Los cocineros de vanguardia, creyendo ser inventores de la pólvora, alardean de haber creado procedimientos novedosos, cuando la cocción por calor indirecto fue intuición genial de un mítico personaje: María la Maga, creadora del método de cocción conocido como baño María. Detrás de este término, tan conocido por los cocineros, hay muchas leyendas que unen en el mismo caldero alquimia, brujería y cocina. Se dice, por ejemplo, que María la Hebrea era hermana de Moisés. O que era una poderosa alquimista de Alejandría conocida como María de Cleofa, Cleopatra la Sabia, o María la profetisa. Lo real es que con el correr de los siglos, este procedimiento se hizo popular en toda Europa, bajo el nombre en latín de balneum Mariæ, que en castellano se convirtió en baño María, y fue adoptado más tarde tanto para las misteriosas fórmulas de los alquimistas que buscaban la piedra filosofal, como para las recetas de las cocineras que solo deseaban elaborar guisos sabrosos. También es un método empleado en laboratorios de la industria farmacéutica, cosmética, de alimentos, para conferir temperatura uniforme a una sustancia líquida o sólida con calor suave. Cuánta intuición tenían nuestras abuelas que oreaban la carne al sereno antes que nadie mencionara la carne madurada, o cocían durante horas a fuego mínimo, cuidando no se pegue el estofado, sin que nadie les hablara de cocción prolongada a baja temperatura. Para delatar mi edad, puedo declarar que soy del tiempo en que lográbamos mousse excelentes batiendo a mano, sin ayuda de nitrógeno líquido. En realidad la palabra mousse (espuma), ya se utilizaba a fines del siglo XIX, para describir platos a base de pescados y verduras; recién a principios del XX se añade chocolate y nace el famoso postre. Lo dicho, nada nuevo, salvo la renovada incertidumbre ante los fuegos cuando cocinamos.

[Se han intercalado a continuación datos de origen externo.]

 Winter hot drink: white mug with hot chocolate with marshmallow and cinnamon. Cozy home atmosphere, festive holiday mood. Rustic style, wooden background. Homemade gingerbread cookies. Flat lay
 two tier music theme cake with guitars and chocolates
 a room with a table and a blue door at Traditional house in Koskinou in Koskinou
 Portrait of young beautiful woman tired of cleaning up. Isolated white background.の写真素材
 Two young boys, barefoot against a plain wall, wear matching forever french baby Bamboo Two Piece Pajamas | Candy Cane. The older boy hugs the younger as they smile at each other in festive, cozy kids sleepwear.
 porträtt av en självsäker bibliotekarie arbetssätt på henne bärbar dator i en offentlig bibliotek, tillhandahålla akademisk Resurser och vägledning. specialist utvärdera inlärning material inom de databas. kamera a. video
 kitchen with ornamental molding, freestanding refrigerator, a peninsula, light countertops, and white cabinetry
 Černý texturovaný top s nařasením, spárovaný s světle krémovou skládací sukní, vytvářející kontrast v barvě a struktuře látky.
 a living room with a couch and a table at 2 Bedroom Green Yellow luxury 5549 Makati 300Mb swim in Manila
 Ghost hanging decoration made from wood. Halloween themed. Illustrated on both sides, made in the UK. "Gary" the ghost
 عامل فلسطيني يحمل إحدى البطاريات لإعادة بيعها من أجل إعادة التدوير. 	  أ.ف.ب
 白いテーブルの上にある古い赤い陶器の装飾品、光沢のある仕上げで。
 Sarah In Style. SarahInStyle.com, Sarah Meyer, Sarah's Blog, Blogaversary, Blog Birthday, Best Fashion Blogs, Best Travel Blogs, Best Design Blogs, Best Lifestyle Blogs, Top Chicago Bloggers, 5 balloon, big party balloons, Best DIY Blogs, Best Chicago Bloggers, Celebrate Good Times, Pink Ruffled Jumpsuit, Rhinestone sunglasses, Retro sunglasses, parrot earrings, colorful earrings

Fideos con estofado de carne-Ingredientes: 1 kilo de jarrete (ossobuco), 1 cebolla, medio pimiento morrón, 2 dientes de ajo, 1 taza de puré de tomates, 1 taza de vino blanco, caldo de carne, sal, pimienta, orégano, laurel, ají molido, aceite de oliva, 300 grs. de fideos.


Preparación: Picar la cebolla, el morrón y los ajos. Salpimentar la carne. En una cacerola, calentar tres cucharadas de aceite de oliva y sellar la carne por todos lados. Retirar y reservar. Agregar una cucharada más de aceite de oliva y saltear la cebolla, morrón y el ajo. Salar a gusto y agregar ají molido, orégano, pimienta y dos hojas de laurel. Cuando la cebolla esté tierna agregar la carne y volcar vino blanco. Revolver con cuchara de madera. Añadir el puré de tomates. Incorporar el caldo caliente hasta cubrir la carne. Tapar, bajar el fuego a mínimo y dejar cocinar por lo menos una hora y media, revolviendo de vez en cuando. Si se seca mucho, echar chorritos de agua. Cuando la carne esté bien tierna, cortarla y descartar los huesos, y servir acompañando los fideos ya cocidos.